How did we reach the decision to eliminate important positions that have had such impact in our community, including curators and educators? Bearing in mind our mission and the steep financial challenges we face, we had to prioritize the direct care of the collection and the building along with the direct service of our visitors. Other areas such as administration, operations, marketing, and fundraising therefore accounted for three-quarters of the staff reductions.

We also reviewed curatorial staffing levels and eliminated seven positions. We were guided by a commitment to ensure that each area of the collection will continue to be cared for and supported by remaining staff. We also sought to recalibrate the balance between curatorial staff and the many staff behind the scenes who provide direct care of collections and critical support for curatorial work.

Similarly, we reviewed learning and community engagement programs to devote more resources to programs with the greatest reach and impact. We also ensured continuity in teen programs and other K–12 programs that are valued by our community.

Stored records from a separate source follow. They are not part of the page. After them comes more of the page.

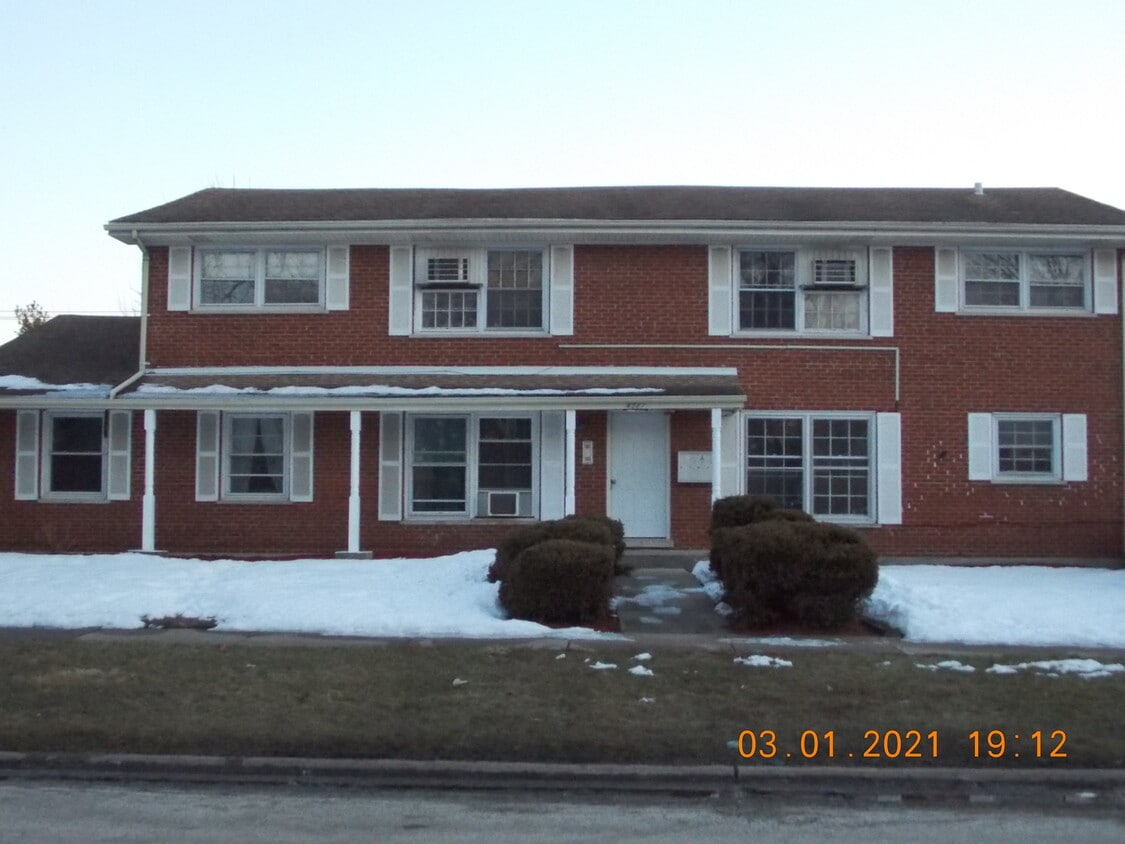 4327 Lindenwood Dr, Matteson, IL 60443 House Rental in Matteson, IL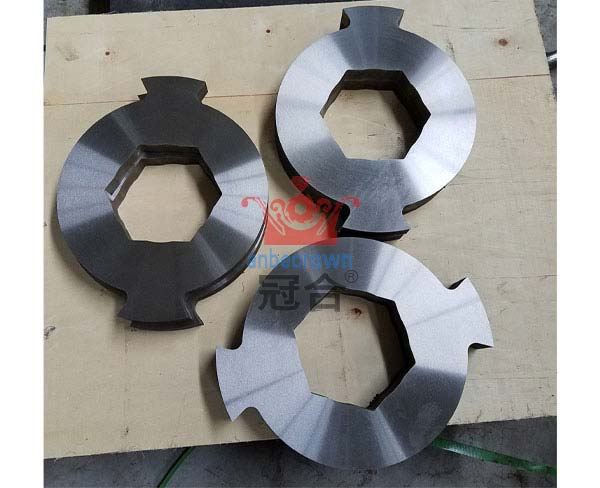 工業(yè)固廢撕碎機生產(chǎn)中的安全防護出了問題怎么辦？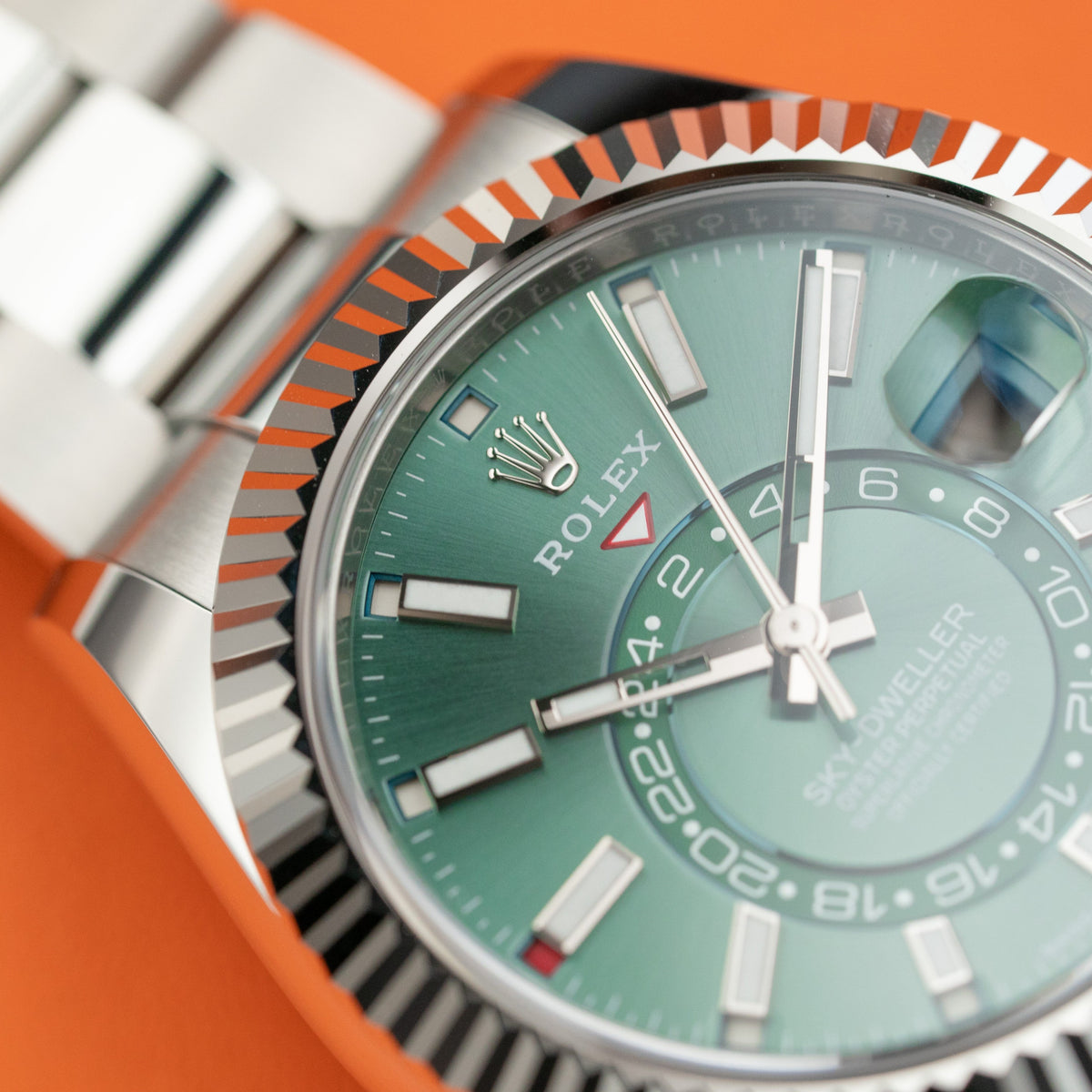 Rolex Sky-Dweller Oyster, 42 mm, Oystersteel and white gold M336934-0001
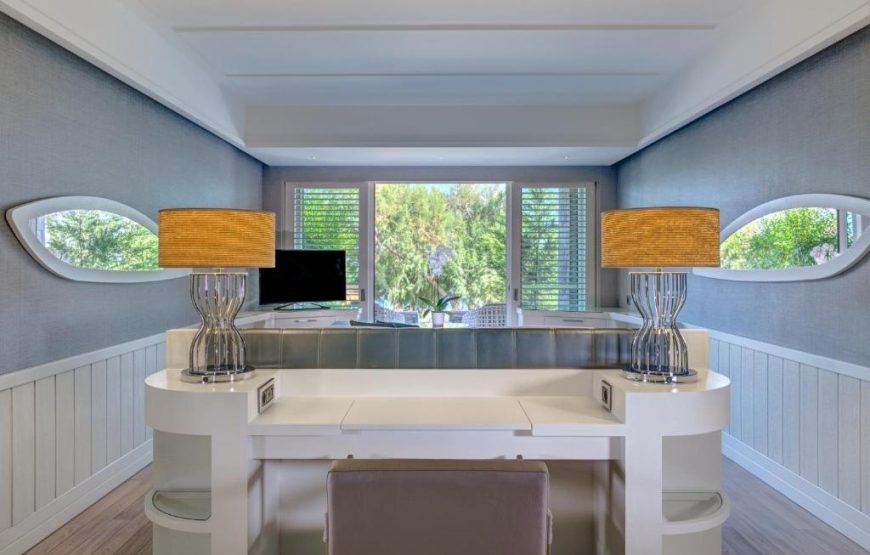 Deluxe Marine Sea View Room with Balcony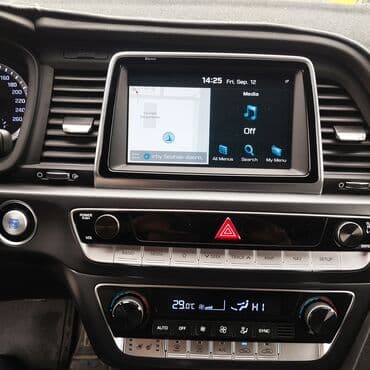 Продажа авто: Hyundai Sonata: 2019 г., 2 л, Автомат, Газ, Седан — 9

All along, we took steps to ensure that cuts would not disproportionately impact any groups based on their background or identity. One third of our entire staff identified as people of color prior to the restructuring—and those numbers are the same today.

The MFA has opened its doors to visitors for 156 years. More work lies ahead to adapt our institution to current realities and future needs. We are confident we are on the right path and remain grateful to our staff—both departing and continuing—for their commitment to this essential work.